▸ Exercise objective
Pictures in the entries below are excluded; copy only the lines from the one containing "Cat Cone Collar" to the one containing "랄프로렌 캐시미어100 꽈베기 꽉붙핏 니트 스웨터 상품이미지4", both included.
Top of Stored data
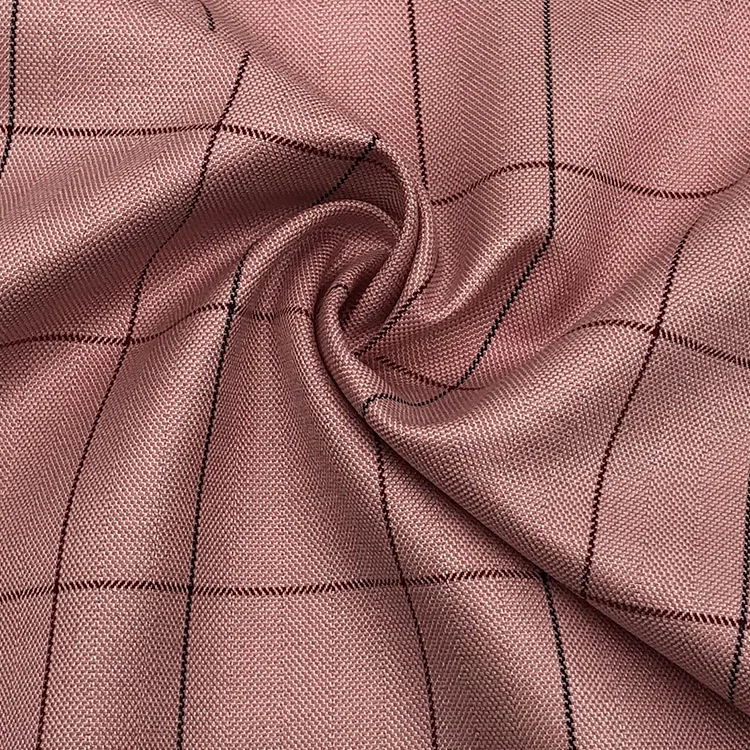 Spring Summer Rayon Silk Blended Plaid Fabric for Blouse and Fashion Styles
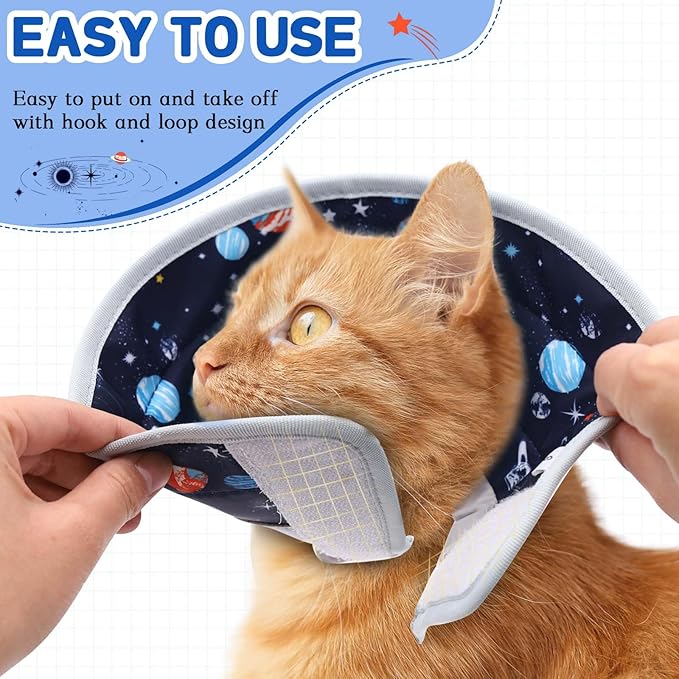 Cat Cone Collar Soft, Comfortable Cat Recovery Collar Pet Cone for Small Large Cats, Lightweight Elizabethan Collar for Cats Kittens After Surgery Prevent from Licking Wounds, Star, S
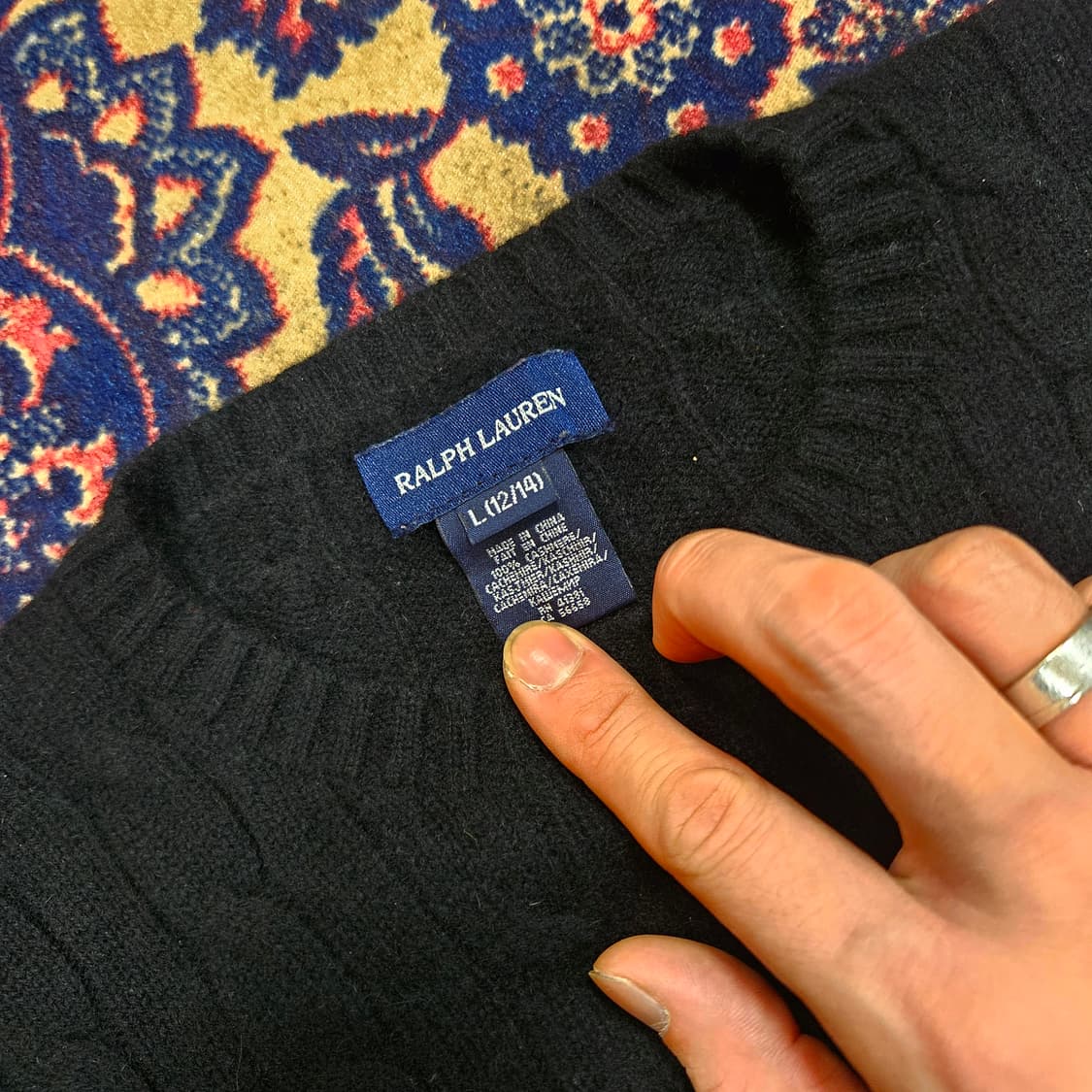 랄프로렌 캐시미어100 꽈베기 꽉붙핏 니트 스웨터 상품이미지4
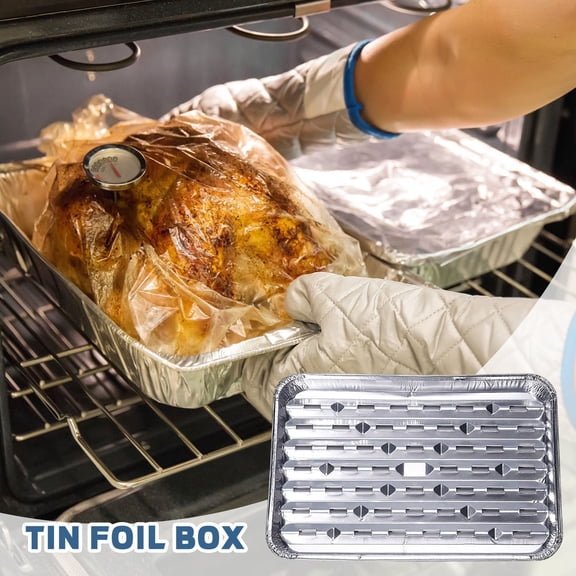 Kitchen Essentials Disposable Aluminum Foil Broiler Pan For Oven (10 Pack) Sheet Pans For Grilling,Roasting Rack,Trays With Ribbed Surface For BBQ Grill-Like Texture A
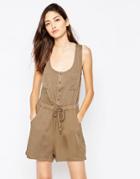 Brave Soul Military Romper With Front Pocket - Khaki
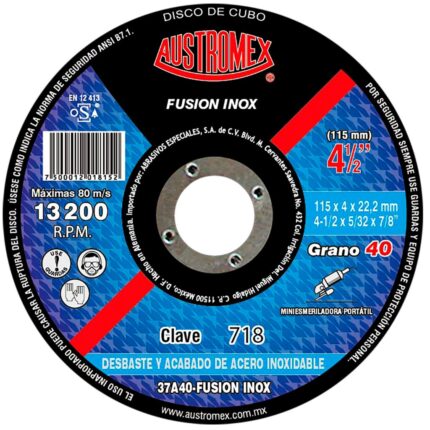 Disco abrasivo para desbaste y acabado de acero inoxidable de 115 x 4.0 x 22.23 mm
Bottom of Stored data
▸ Answer below
 Cat Cone Collar Soft, Comfortable Cat Recovery Collar Pet Cone for Small Large Cats, Lightweight Elizabethan Collar for Cats Kittens After Surgery Prevent from Licking Wounds, Star, S
 랄프로렌 캐시미어100 꽈베기 꽉붙핏 니트 스웨터 상품이미지4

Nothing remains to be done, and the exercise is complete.